Paton was born in Aniwa, New Hebrides, to Rev. Dr. John Gibson Paton (24 May 1824 – 28 January 1907), one of the first missionaries to the New Hebrides (now Vanuatu), and his second wife Margaret "Maggie" Paton, née Whitecross, (1841–1905), whom he married in 1864.

Paton attended Scotch College, Melbourne (1881-1887) and received his theological education at Ormond College, Melbourne and the University of Glasgow. He graduated from the University of Melbourne (M.A., 1892) and from St Andrews (B.D., 1896).

==Missionary service==
Paton was ordained in Melbourne in November 1895, and worked as a missionary in West Tanna, New Hebrides, from 1896 to 1902, when he was forced to leave through ill health.

==Army and later career==
Paton enlisted into the Australian army and served during World War I as a chaplain (Captain) from 1918 to 1919.

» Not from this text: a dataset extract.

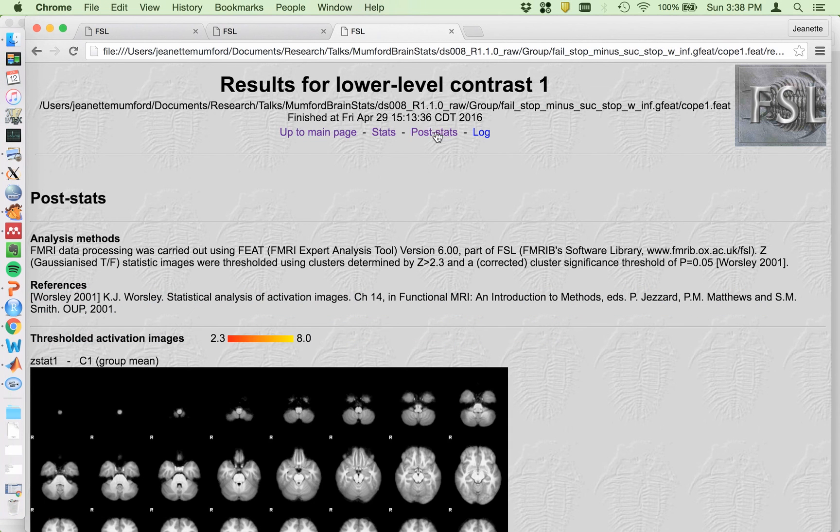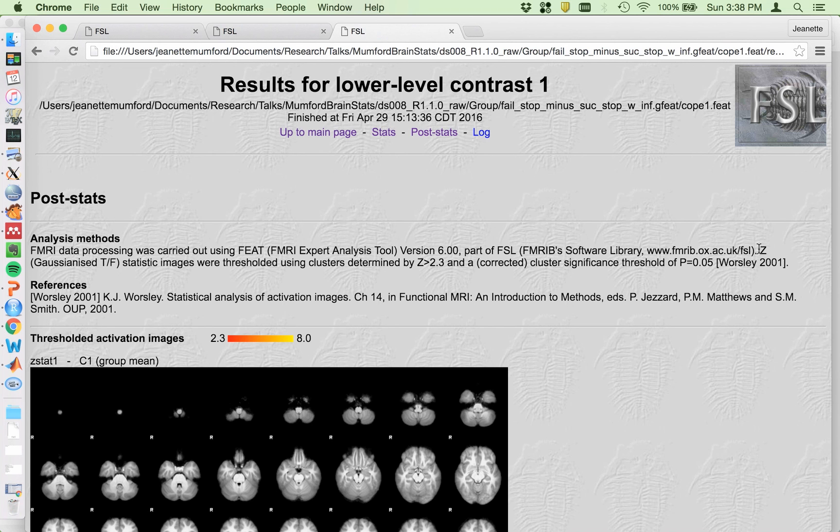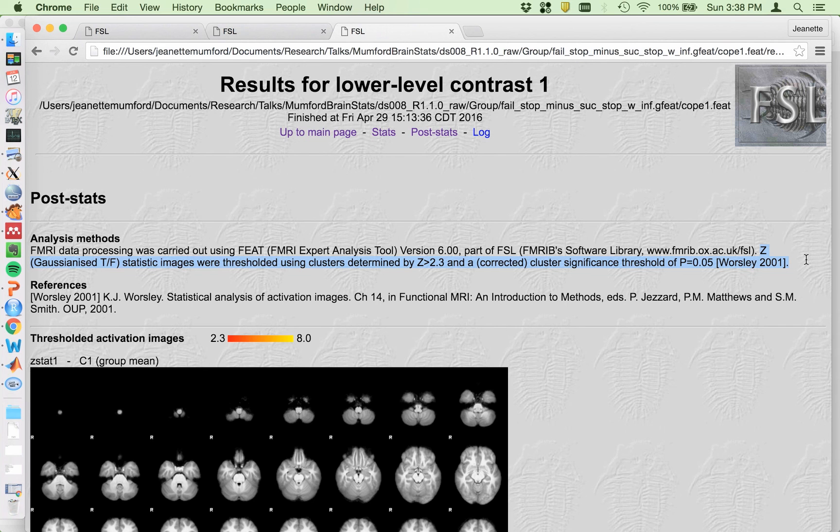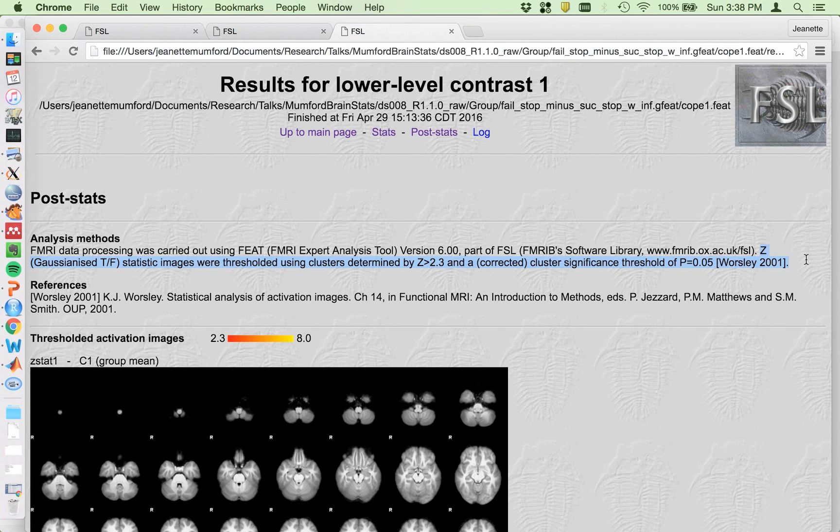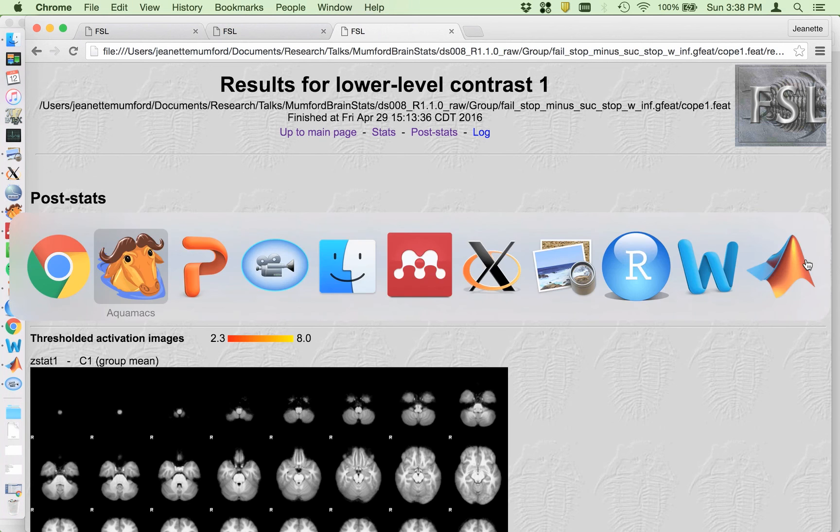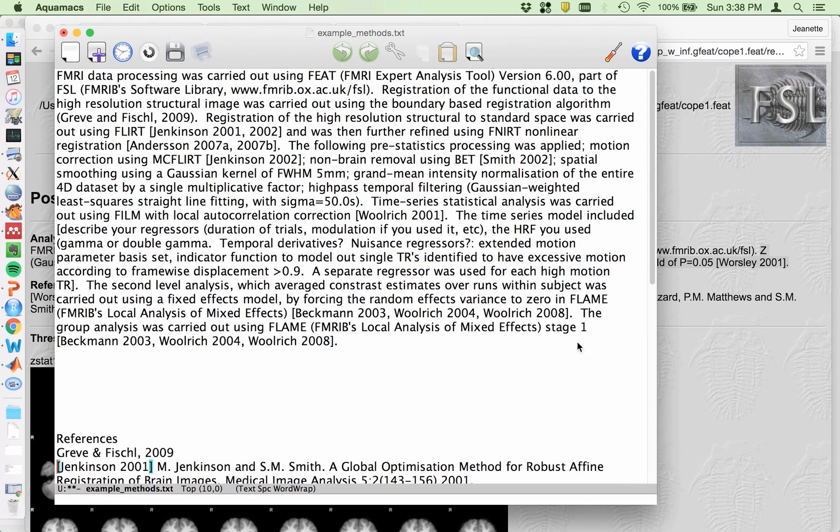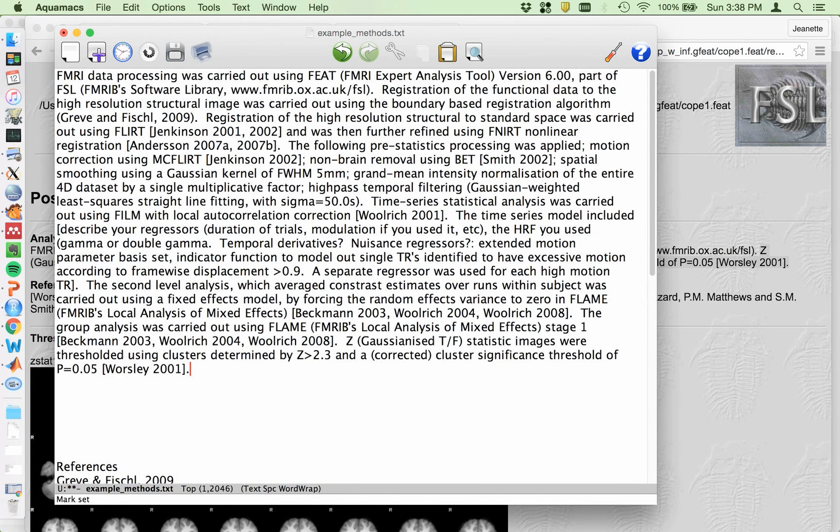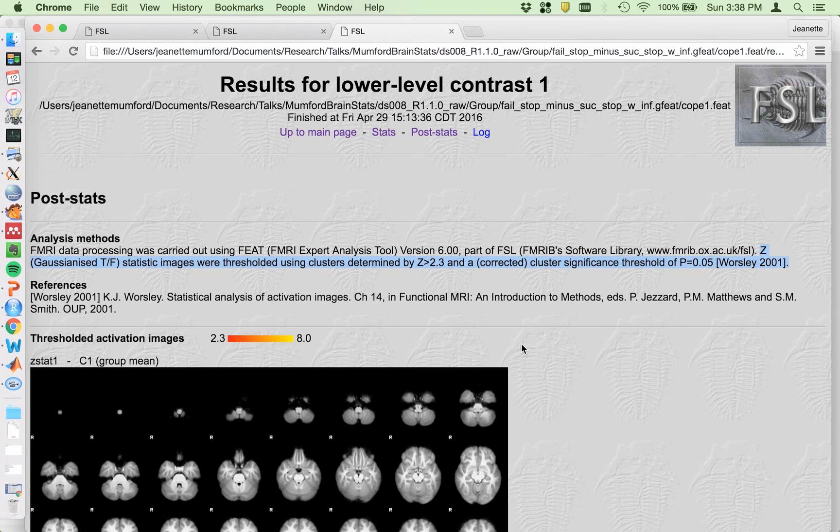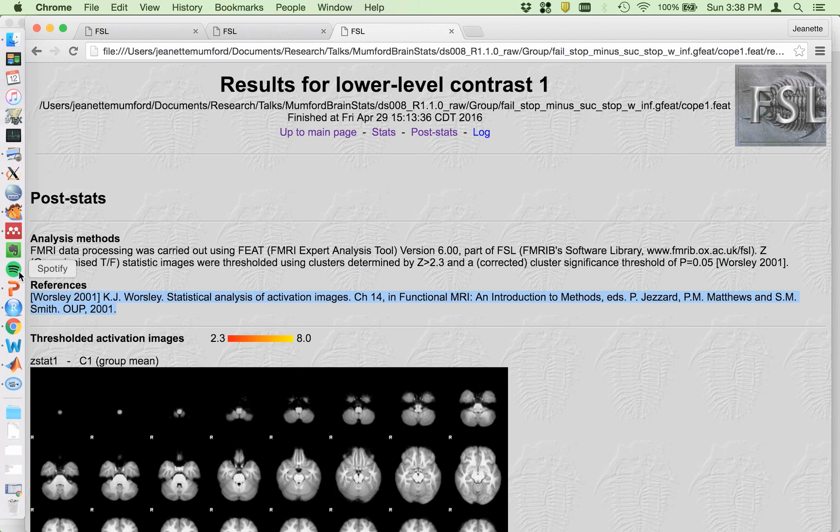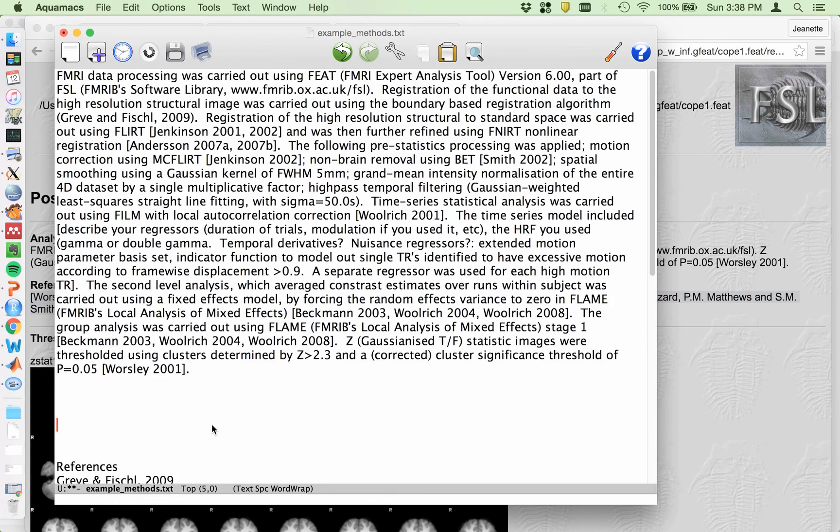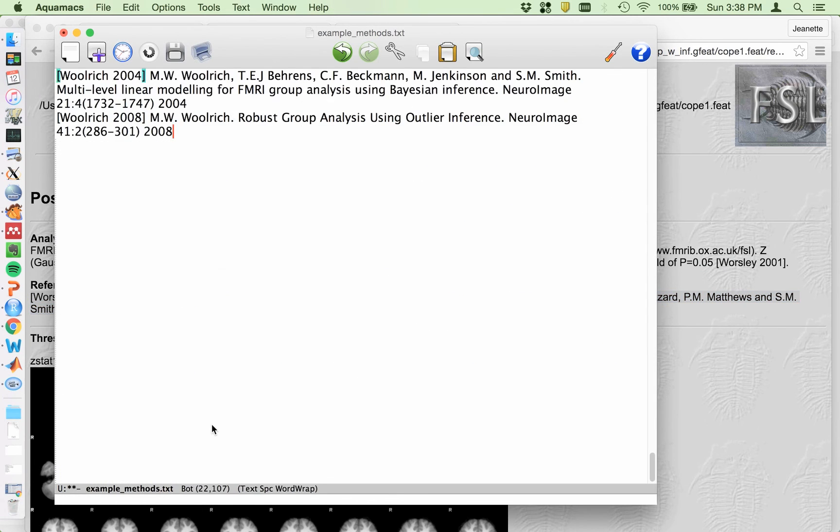And then post stats. Finally, the thresholding thing, the thing that Russ was just pointing out, people don't have. And all it is, is this sentence. And this is all you need. They're thresholding using clusters determined by Z greater than 2.3 and a corrected cluster significance threshold of P equal to 0.05. Just copy it right out of here. If this is the only thing you copy out of here, that would be great. And then the reference. All right.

He was appointed the Presbyterian Church's foreign mission agent before taking charge of the Dunolly church 1904–1907 and serving as the Presbyterian church of Victoria's foreign mission secretary, 1908–1925.

In 1922 he was elected moderator (synod president) of the Presbyterian Church in Victoria.

He was a delegate to the Council of Churches in Victoria and succeeded A. E. Illingworth as president in 1924, but was unable through illness to see out his full year, and from March 1925 his duties were performed by the vice-president, W. S. Pearse. Nevertheless, in June 1925 he was able to take charge of the Deepdene Presbyterian church.

He retired around 1936 and died at his Deepdene home after a long illness, and his remains were buried at the Burwood cemetery.

==Recognition==
The Presbyterian church in Deepdene was renamed in his honor, and a window dedicated to his memory installed in 1946.

==Family==
Paton married Clara Sophia Heyer (3 September 1875 – 18 Jul 1966) on 19 February 1896. Their family included:
- Francis Heyer Paton (1898-1900)
- Professor Sir George Whitecross Paton (1902–1985)
- Rev. James Kennedy “Ken” Paton, (1904-1974) Presbyterian minister at Woodford, Victoria
- Clara Margaret "Peggy" Paton (1908-2002) married Rev Hedley P. Bunton, served as missioner in China
- Elizabeth Heyer "Betty" Paton, (1911-1971) missioner in Hong Kong, married Dr Frank Ashton
- Frances Amy Paton, (1918-1998) married Rev Dr Robin Boyd
They had a home at 44 Deepdene Road, Deepdene, Victoria.